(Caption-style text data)
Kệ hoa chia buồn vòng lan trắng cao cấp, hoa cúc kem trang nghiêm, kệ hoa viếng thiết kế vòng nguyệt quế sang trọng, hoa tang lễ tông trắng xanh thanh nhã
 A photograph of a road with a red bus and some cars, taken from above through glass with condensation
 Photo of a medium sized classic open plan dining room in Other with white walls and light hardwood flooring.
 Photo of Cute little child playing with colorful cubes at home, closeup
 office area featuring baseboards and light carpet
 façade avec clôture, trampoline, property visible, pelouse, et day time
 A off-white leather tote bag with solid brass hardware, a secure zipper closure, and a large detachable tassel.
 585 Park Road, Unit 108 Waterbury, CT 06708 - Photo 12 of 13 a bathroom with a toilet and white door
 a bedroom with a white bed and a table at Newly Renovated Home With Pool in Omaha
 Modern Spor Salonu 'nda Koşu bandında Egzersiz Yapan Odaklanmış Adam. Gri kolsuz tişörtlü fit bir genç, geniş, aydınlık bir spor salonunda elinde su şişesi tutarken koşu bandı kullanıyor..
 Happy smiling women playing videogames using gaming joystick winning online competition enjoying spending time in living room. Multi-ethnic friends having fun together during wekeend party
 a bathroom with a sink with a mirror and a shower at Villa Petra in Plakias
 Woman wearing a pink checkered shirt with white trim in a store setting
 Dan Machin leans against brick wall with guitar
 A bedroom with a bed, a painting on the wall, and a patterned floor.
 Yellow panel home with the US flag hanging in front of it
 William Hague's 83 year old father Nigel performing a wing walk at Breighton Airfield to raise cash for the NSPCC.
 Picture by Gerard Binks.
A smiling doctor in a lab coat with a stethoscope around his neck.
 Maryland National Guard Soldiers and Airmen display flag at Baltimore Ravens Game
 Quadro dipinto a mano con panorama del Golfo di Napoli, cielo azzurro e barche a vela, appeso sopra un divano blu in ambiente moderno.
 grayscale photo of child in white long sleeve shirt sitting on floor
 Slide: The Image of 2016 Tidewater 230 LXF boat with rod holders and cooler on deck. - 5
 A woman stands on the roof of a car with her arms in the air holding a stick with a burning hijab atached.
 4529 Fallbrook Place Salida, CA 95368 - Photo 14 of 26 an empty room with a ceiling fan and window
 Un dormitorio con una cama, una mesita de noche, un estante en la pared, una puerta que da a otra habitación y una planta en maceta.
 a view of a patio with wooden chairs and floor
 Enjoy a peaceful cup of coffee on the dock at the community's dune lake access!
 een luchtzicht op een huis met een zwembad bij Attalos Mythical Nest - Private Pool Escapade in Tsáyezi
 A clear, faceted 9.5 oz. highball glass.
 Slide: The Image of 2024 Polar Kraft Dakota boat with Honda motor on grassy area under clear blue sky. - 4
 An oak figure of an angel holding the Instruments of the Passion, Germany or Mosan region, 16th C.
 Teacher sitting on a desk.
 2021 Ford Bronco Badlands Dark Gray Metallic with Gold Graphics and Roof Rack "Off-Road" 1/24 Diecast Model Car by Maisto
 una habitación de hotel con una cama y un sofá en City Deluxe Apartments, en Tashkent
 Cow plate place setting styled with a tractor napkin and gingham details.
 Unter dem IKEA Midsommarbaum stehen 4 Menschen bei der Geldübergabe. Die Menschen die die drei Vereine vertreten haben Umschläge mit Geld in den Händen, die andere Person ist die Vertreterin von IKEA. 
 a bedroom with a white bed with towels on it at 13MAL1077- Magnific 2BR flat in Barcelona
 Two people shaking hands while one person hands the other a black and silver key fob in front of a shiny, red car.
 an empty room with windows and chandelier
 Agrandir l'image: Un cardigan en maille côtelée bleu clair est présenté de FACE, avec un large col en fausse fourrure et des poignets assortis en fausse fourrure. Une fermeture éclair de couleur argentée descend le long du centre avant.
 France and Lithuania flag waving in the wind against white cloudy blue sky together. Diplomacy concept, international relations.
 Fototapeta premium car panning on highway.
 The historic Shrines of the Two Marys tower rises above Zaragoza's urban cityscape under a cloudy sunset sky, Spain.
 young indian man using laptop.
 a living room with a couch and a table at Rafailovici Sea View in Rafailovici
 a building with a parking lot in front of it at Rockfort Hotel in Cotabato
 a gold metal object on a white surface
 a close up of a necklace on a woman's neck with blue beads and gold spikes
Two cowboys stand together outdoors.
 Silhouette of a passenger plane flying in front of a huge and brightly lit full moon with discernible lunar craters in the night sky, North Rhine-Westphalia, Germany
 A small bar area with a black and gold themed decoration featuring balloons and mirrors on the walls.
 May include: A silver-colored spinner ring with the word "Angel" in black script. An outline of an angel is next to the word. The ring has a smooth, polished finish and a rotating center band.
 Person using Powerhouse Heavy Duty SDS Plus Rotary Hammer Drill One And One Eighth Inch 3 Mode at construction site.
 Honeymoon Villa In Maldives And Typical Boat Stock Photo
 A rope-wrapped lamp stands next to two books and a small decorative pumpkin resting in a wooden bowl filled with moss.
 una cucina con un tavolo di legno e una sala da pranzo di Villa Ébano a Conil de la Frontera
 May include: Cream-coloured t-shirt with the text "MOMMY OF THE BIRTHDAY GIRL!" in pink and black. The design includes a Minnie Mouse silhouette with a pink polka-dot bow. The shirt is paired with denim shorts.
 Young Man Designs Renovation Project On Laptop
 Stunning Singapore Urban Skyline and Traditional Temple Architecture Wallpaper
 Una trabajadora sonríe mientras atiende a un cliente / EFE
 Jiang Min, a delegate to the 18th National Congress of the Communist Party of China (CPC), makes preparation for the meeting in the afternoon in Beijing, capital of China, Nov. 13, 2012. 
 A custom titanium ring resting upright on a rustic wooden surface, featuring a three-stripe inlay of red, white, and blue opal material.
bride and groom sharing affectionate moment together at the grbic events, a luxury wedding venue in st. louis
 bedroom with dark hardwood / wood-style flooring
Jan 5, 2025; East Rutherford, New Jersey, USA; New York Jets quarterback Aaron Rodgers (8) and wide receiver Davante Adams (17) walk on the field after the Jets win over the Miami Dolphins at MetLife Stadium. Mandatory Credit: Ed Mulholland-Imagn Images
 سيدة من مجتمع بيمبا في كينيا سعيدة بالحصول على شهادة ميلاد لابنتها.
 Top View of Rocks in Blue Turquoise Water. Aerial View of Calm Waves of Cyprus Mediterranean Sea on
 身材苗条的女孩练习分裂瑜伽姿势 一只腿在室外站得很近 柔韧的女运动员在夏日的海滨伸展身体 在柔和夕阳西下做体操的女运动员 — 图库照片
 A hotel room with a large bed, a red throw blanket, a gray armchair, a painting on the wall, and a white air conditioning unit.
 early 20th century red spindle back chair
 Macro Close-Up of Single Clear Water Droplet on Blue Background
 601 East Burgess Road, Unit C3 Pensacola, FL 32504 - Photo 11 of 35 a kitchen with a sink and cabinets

> _Exercise description_: Nothing but the lines from the start of the data through the line holding "a bedroom with a white bed and" should be restated, and each one exactly.

> _Output for this exercise_:
Kệ hoa chia buồn vòng lan trắng cao cấp, hoa cúc kem trang nghiêm, kệ hoa viếng thiết kế vòng nguyệt quế sang trọng, hoa tang lễ tông trắng xanh thanh nhã
 A photograph of a road with a red bus and some cars, taken from above through glass with condensation
 Photo of a medium sized classic open plan dining room in Other with white walls and light hardwood flooring.
 Photo of Cute little child playing with colorful cubes at home, closeup
 office area featuring baseboards and light carpet
 façade avec clôture, trampoline, property visible, pelouse, et day time
 A off-white leather tote bag with solid brass hardware, a secure zipper closure, and a large detachable tassel.
 585 Park Road, Unit 108 Waterbury, CT 06708 - Photo 12 of 13 a bathroom with a toilet and white door
 a bedroom with a white bed and a table at Newly Renovated Home With Pool in Omaha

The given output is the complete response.